## WHAT THE TASK REQUIRES
Repeat only the lines below from the one that contains "kitchen with light" through the final line, exactly. Omit pictures.

## DATA
Segment Open
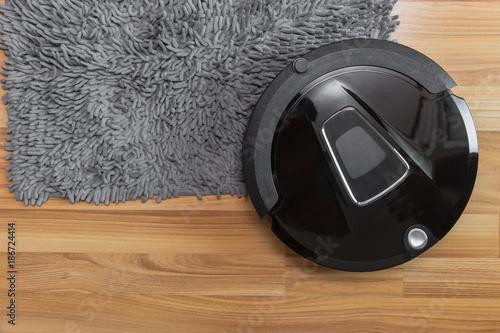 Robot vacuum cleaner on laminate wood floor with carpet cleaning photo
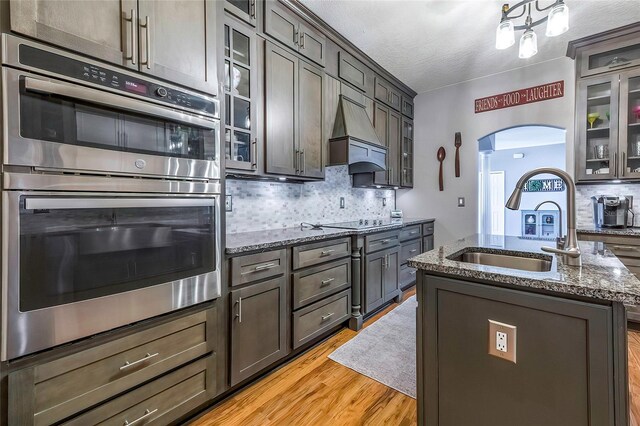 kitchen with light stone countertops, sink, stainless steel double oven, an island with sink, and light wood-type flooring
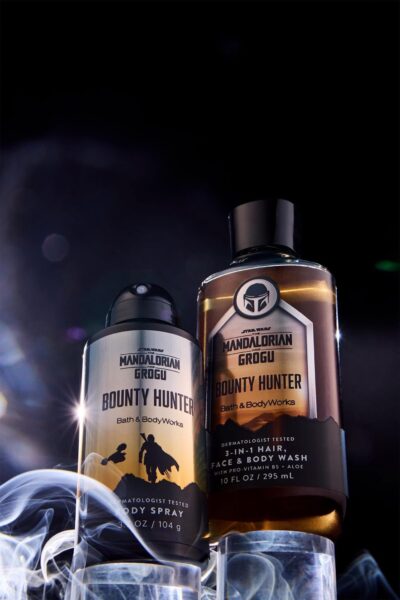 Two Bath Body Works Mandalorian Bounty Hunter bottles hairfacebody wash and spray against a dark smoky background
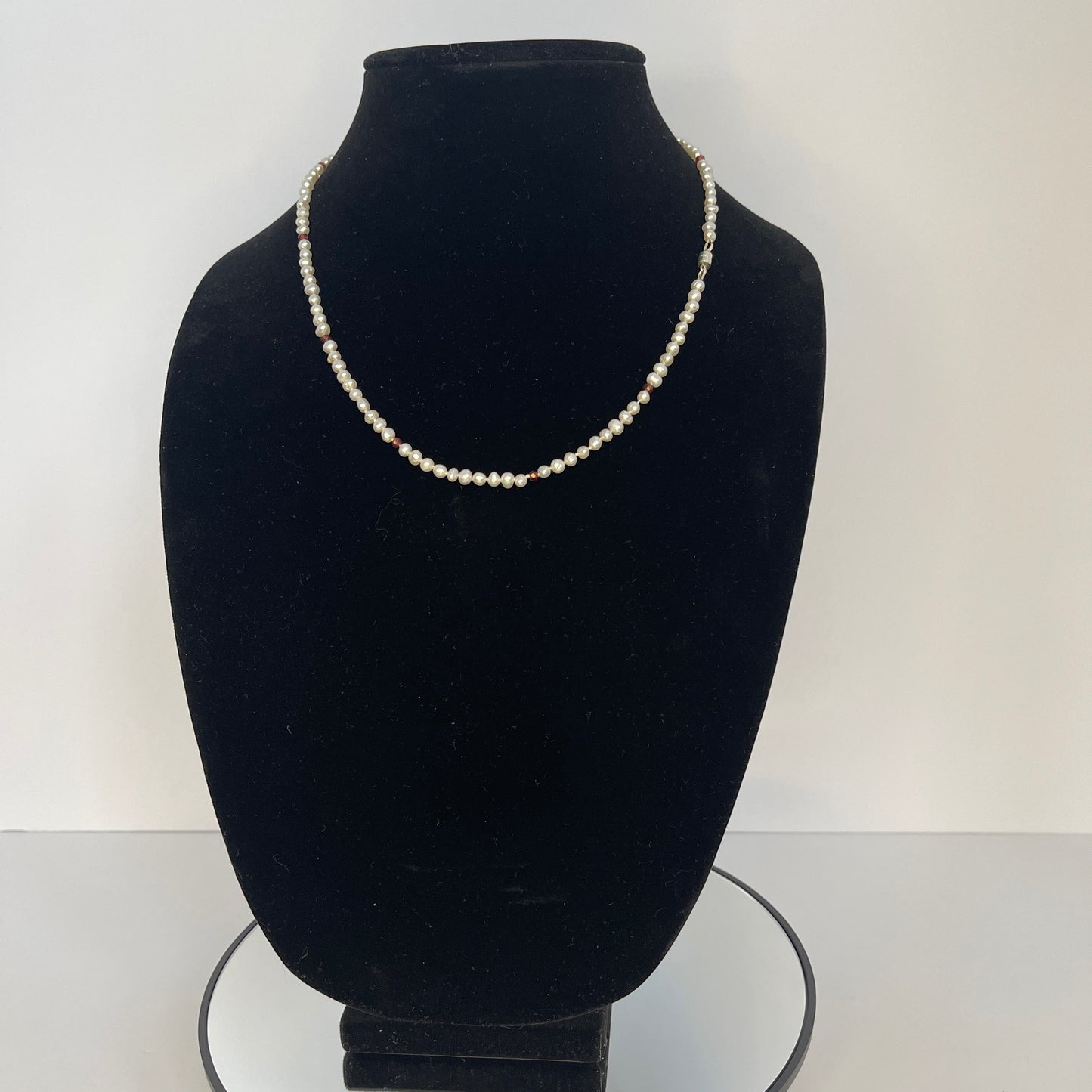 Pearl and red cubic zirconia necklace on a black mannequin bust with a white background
Segment Closed
## REPLY TO THE TASK
 kitchen with light stone countertops, sink, stainless steel double oven, an island with sink, and light wood-type flooring
 Two Bath Body Works Mandalorian Bounty Hunter bottles hairfacebody wash and spray against a dark smoky background
 Pearl and red cubic zirconia necklace on a black mannequin bust with a white background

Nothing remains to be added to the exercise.